→ PROMPT: Restate the records word for word. Include no pictures.

==== DATA SHOWN ====

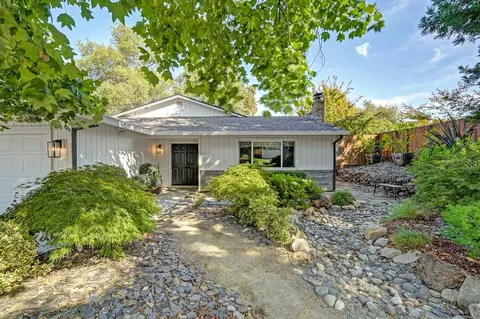 Exterior - 5911 Angelo Dr, Loomis, CA 95650 photo 6 of 22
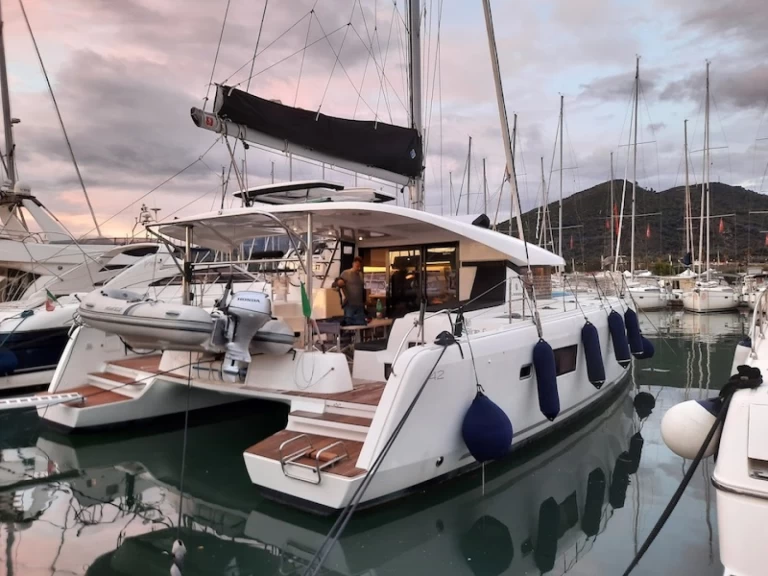 Bareboat Rental Catamaran Lagoon with a boat licence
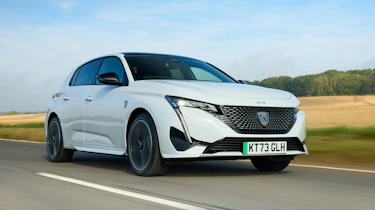 Peugeot E-308 UK front tracking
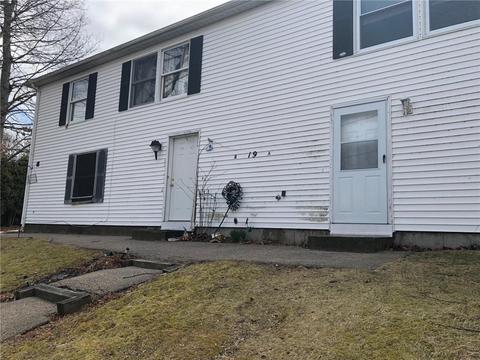 19 Maybrey Dr, Westerly, RI 02891 photo 2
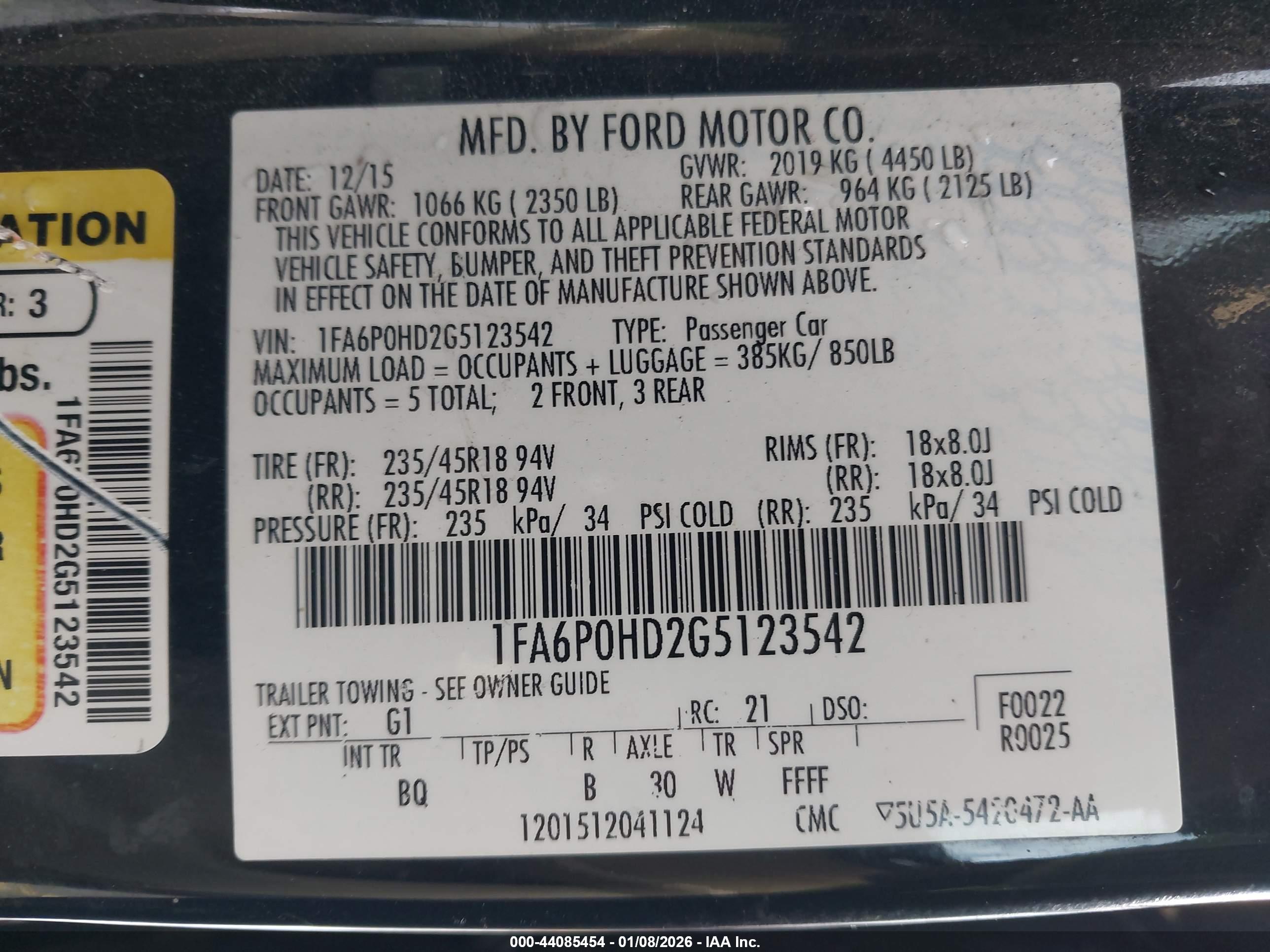 FORD FUSION image 9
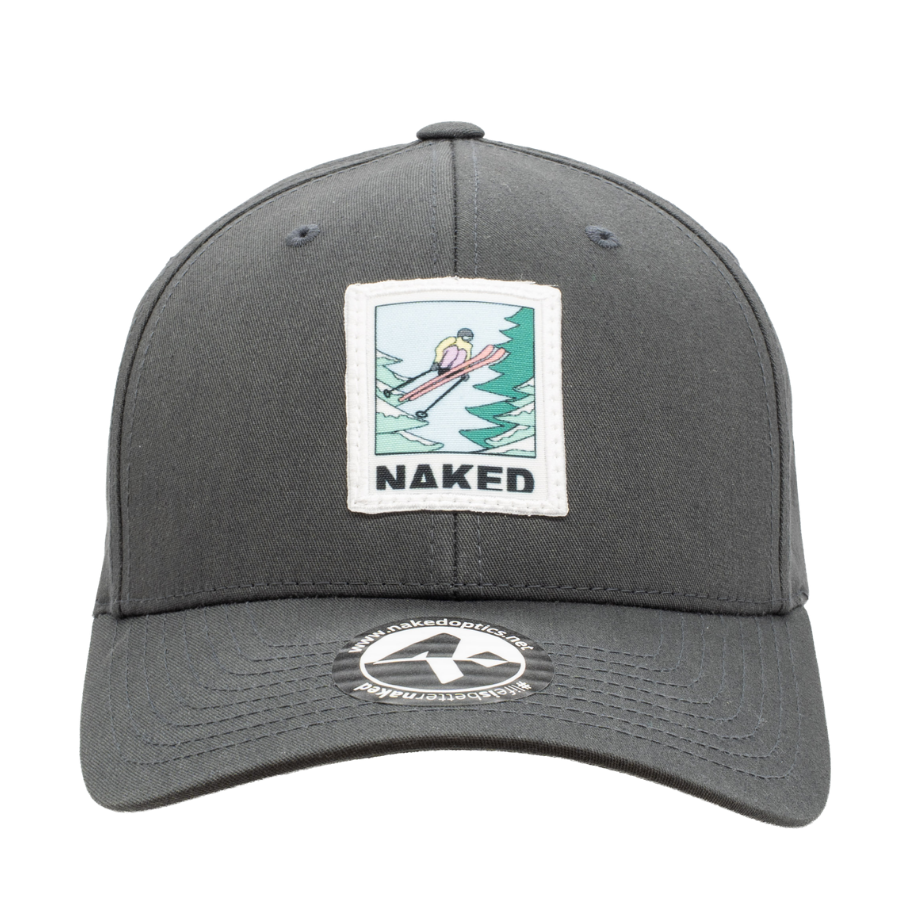 Die „Cap Baseball“ von NAKED Optics ist eine graue Unisex-Kappe aus hochwertiger Baumwolle, die auf der Vorderseite mit einem Aufnäher mit einem Skifahrer und dem Schriftzug „NAKED“ unterhalb des Motivs versehen ist.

====

→ ANSWER TO THIS TASK:
 Exterior - 5911 Angelo Dr, Loomis, CA 95650 photo 6 of 22
 Bareboat Rental Catamaran Lagoon with a boat licence
 Peugeot E-308 UK front tracking
 19 Maybrey Dr, Westerly, RI 02891 photo 2
 FORD FUSION image 9
 Die „Cap Baseball“ von NAKED Optics ist eine graue Unisex-Kappe aus hochwertiger Baumwolle, die auf der Vorderseite mit einem Aufnäher mit einem Skifahrer und dem Schriftzug „NAKED“ unterhalb des Motivs versehen ist.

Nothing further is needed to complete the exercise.